WORK ITEM:
Each line of the data below between the one containing "Aspen Inn Summer Suite - image 3" and the one containing "南北通透三居室 青云谱94平温馨家", both included, is to be repeated exactly. Please omit pictures.

--- DATA TO PROCESS Enclosed Below ---

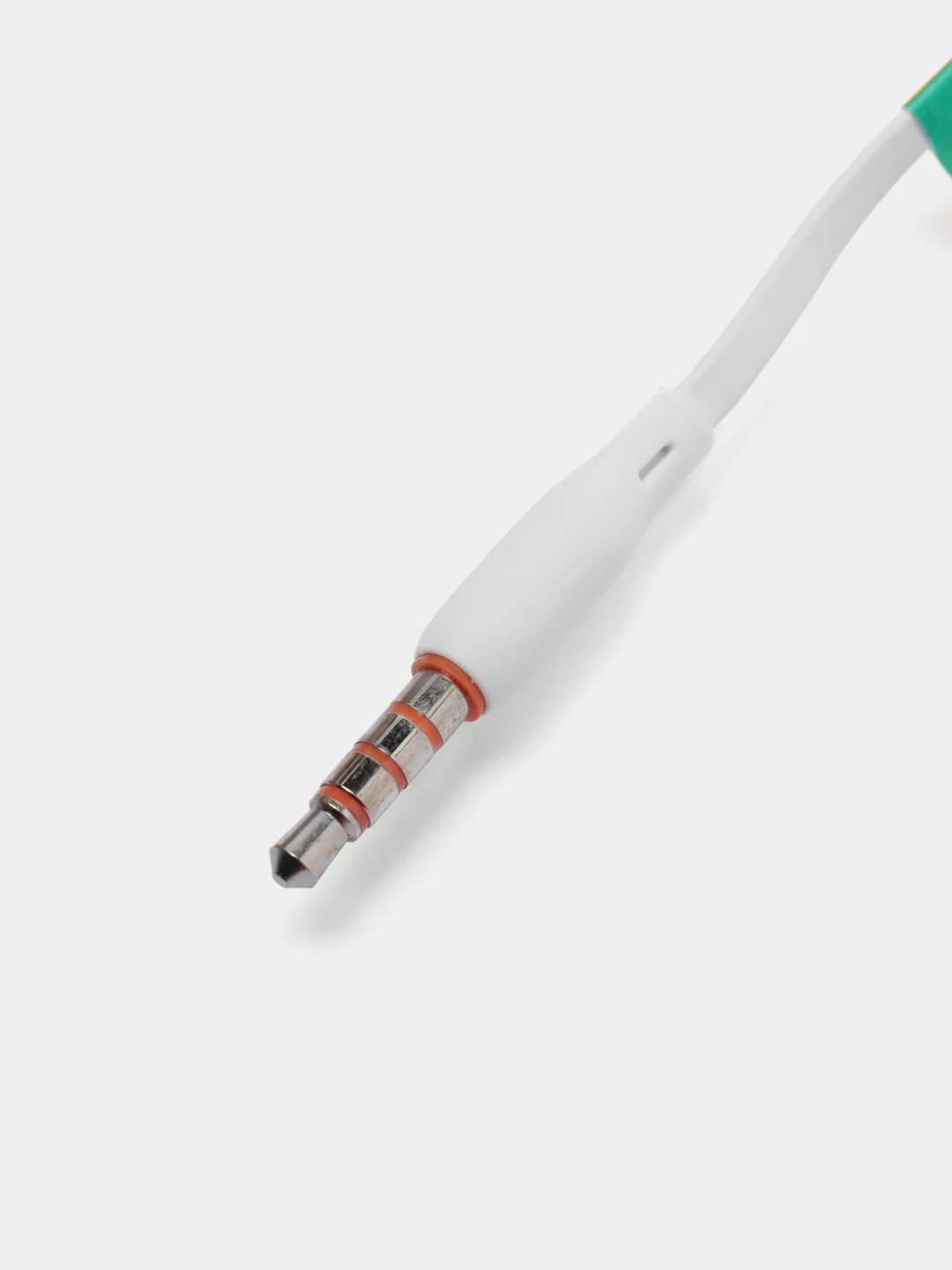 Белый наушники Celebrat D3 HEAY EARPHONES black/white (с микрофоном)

--- End of Enclosed DATA TO PROCESS ---
--- DATA TO PROCESS Enclosed Below ---

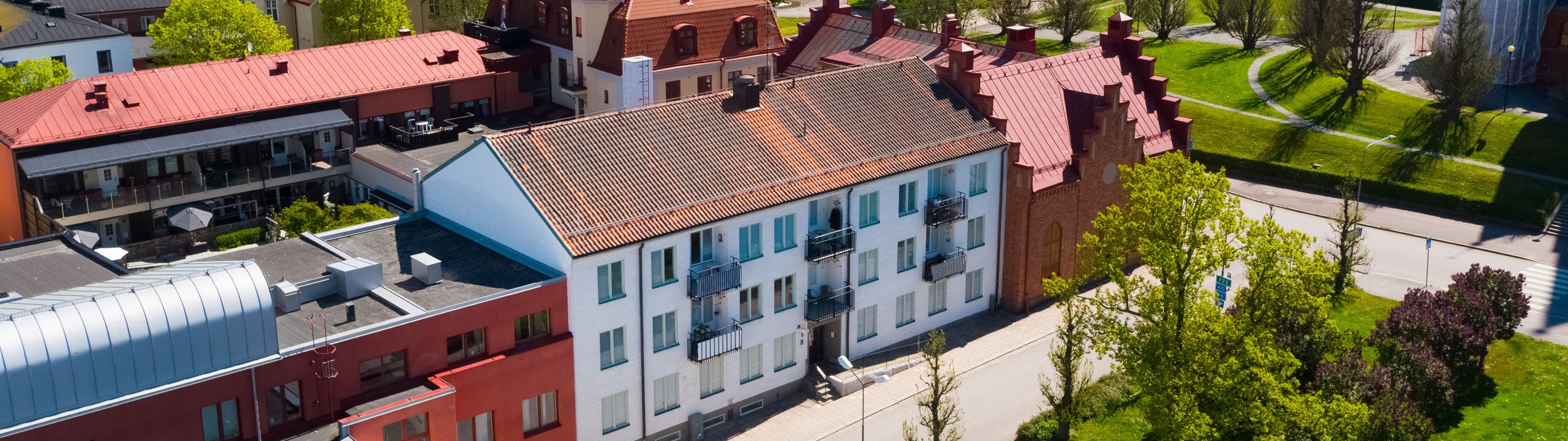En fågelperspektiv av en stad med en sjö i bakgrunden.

--- End of Enclosed DATA TO PROCESS ---
--- DATA TO PROCESS Enclosed Below ---

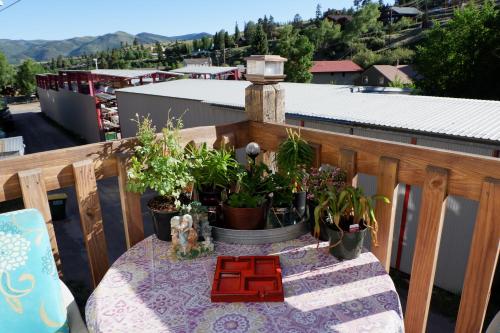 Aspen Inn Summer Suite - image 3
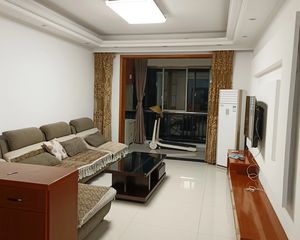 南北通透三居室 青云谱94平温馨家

--- End of Enclosed DATA TO PROCESS ---

ANSWER TO THIS EXERCISE:
 Aspen Inn Summer Suite - image 3
 南北通透三居室 青云谱94平温馨家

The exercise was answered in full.